Tales of woe: Query performance
The nuts and bolts of putting together a decent data warehouse are not that hard. You just need to get the I/O right ;-)
OK, in reality there is a little more to it: you need to make sure you store the correct granularity of data, you have all of the right constraints in place (plus all those other helpful bits of metadata that the query optimizer uses), the right backup and recovery regime, some useful pre-built summaries, a blisteringly fast ETL (preferably set-based) load process and enough grunt to delivery the data to the users. Not rocket science (but perhaps hard enough for people to want to employ me)
But the hard thing is to plan for those ad-hoc user queries created in a drag and drop query tool. Typically, the user picks columns from a palette of available data objects and drops them on to a canvas representing a report, graph, cross-tab or whatever. But sometimes I have the sneaking impression that the intellect of the mouse they are using to create these reports somehow transfers to the user's brain. Just because it is easy to create a report on the screen does not mean it is simple to get the information back from the data warehouse.
Recently I have seen users looking for all of the customers that spent more than £1000 on a single item by looking at every item sold across 200 stores for a whole year and wondering why the query takes more than a few hours to run - looking at the SQL running against the database we are hitting the base fact table, finding about quarter a billion sales lines then using a having clause to isolate the results we need. Given a little thought about what the data means it is quite possible to do a few smart things - there is only one row per item per customer per store per day so we don't really need to aggregate and use a having clause, and it would be much better to filter the items first to only include those that cost more than the threshold value - that way we just do a bitmap index join on a big data set, a lot of work, still not quick, but achievable.
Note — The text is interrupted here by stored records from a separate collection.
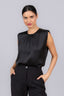 Blusa Gloss cetim tons quentes Skenn, frente feminina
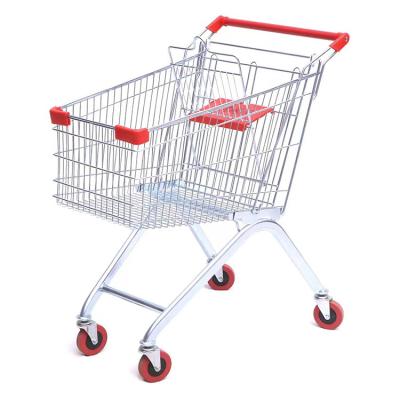 China High Quality Cheap Steel Grocery Cart Supermarket Trolley for sale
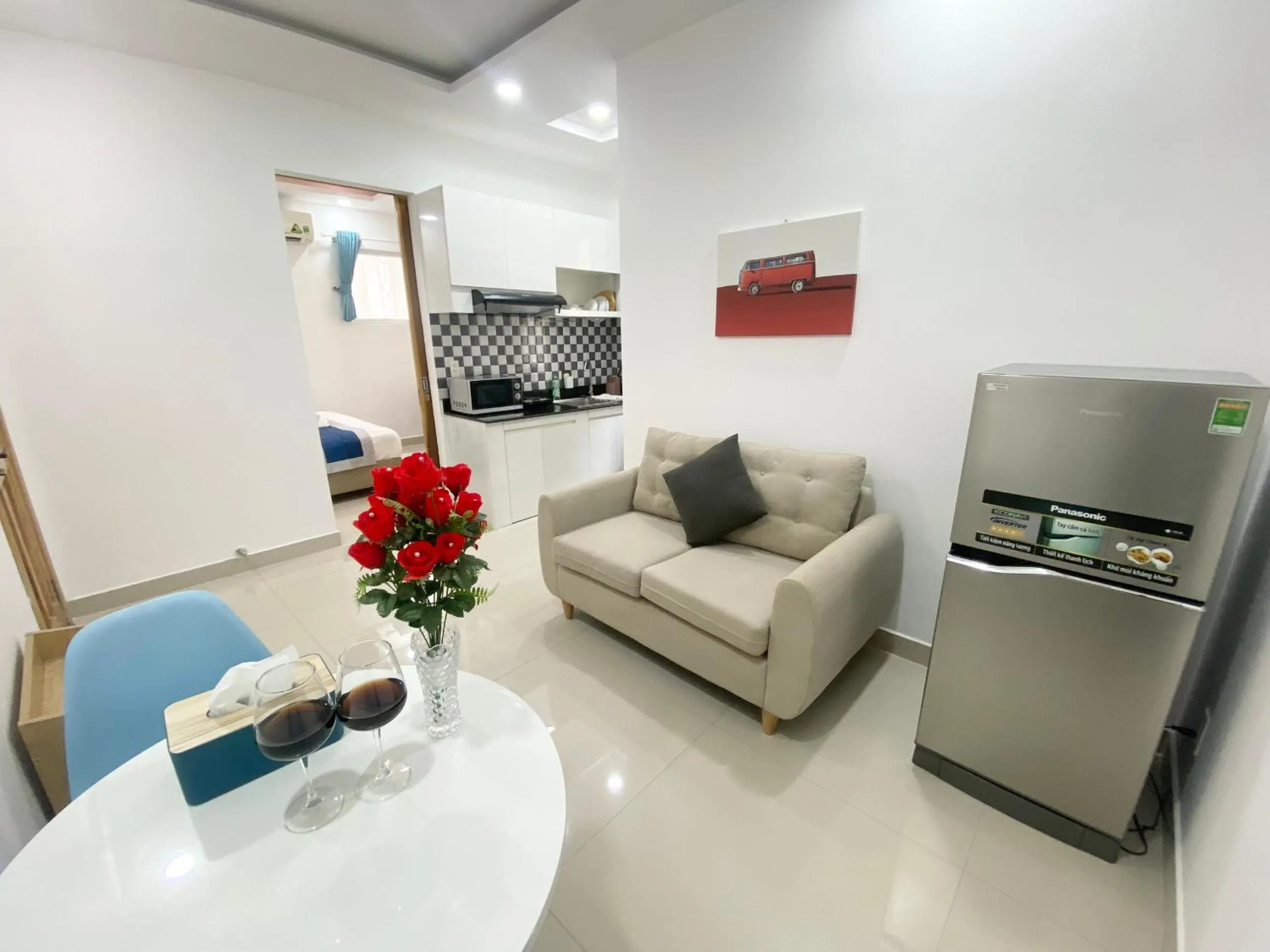 Living room in Home Away Minh Khai - Serviced Apartment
But it is not always the user's fault. I saw one slow query today where the user concatenated a store code and its name to create a meaningful long description and then used that in a query predicate. The query was of course slow running with a full-tablescan of the dimension table, change the predicate to a single column match and it runs in less than five seconds using a bitmap index. Our fault was not predicting that a user wants to use long descriptions and to create the required column and a suitable index in advance.